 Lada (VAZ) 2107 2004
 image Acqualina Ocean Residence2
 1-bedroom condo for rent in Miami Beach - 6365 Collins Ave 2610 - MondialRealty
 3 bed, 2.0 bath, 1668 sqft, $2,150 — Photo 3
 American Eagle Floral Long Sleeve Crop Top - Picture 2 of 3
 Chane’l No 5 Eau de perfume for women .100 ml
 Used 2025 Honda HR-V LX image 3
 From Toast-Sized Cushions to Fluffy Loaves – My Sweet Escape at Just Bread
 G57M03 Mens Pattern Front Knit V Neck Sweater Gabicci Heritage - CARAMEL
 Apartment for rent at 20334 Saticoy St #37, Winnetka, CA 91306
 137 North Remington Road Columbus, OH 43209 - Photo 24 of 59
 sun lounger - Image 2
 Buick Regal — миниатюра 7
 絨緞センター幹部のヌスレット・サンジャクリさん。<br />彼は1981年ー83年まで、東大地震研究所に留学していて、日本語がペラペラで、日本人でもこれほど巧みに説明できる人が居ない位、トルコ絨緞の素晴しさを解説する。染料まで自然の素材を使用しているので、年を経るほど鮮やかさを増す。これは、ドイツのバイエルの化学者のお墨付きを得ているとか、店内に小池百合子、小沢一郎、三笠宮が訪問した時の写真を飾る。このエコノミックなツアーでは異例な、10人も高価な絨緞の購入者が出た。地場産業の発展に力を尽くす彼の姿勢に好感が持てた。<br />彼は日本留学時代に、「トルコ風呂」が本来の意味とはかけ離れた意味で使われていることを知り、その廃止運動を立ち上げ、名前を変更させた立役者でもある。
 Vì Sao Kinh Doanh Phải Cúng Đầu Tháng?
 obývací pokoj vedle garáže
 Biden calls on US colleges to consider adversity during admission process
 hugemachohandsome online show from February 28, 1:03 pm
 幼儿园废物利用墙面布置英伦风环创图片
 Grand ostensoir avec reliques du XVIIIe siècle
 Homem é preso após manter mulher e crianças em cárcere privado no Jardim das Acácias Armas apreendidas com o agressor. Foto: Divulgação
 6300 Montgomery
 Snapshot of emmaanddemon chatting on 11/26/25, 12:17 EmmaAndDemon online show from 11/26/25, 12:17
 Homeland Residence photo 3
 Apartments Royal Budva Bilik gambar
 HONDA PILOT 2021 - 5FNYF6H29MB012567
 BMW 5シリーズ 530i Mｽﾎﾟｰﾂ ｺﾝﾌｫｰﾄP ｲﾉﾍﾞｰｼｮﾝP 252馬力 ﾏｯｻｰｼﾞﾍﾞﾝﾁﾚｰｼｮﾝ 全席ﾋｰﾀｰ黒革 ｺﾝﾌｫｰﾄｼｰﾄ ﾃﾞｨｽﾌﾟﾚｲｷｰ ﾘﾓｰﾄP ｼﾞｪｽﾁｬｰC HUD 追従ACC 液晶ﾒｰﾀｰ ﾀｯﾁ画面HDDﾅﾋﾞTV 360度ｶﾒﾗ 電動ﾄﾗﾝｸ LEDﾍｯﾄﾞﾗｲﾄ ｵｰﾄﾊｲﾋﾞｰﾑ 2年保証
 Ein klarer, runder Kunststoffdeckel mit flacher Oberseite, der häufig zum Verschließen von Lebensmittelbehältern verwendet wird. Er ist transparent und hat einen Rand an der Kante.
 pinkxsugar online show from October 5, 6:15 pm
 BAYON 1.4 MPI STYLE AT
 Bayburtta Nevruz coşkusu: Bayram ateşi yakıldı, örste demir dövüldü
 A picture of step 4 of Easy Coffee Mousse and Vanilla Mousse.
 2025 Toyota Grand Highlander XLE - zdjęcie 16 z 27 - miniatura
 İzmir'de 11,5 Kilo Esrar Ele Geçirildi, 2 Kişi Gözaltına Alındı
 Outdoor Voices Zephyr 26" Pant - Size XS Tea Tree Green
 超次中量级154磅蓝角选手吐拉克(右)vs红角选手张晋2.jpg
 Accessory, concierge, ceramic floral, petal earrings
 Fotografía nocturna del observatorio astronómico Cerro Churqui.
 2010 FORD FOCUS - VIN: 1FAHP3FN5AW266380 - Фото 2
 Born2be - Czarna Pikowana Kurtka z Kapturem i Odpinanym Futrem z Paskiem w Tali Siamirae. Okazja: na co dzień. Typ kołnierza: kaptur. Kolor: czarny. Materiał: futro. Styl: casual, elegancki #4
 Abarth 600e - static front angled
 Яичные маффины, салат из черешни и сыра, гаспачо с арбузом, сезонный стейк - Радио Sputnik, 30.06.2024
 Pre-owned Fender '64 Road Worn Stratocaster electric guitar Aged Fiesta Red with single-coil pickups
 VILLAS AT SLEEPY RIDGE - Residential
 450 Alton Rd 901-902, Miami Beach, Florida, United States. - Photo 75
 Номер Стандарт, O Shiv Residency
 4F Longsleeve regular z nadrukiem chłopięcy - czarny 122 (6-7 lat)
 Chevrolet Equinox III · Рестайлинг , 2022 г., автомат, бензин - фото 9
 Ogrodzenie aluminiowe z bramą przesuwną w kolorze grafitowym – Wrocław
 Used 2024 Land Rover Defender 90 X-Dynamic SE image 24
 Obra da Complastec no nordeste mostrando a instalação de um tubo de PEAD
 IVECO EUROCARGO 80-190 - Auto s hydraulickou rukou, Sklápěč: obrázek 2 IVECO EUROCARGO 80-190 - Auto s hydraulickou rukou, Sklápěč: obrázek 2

# [Your objective]
Select and copy every line of the listing with the word "czarny".

# [Response for this exercise]
 Born2be - Czarna Pikowana Kurtka z Kapturem i Odpinanym Futrem z Paskiem w Tali Siamirae. Okazja: na co dzień. Typ kołnierza: kaptur. Kolor: czarny. Materiał: futro. Styl: casual, elegancki #4
 4F Longsleeve regular z nadrukiem chłopięcy - czarny 122 (6-7 lat)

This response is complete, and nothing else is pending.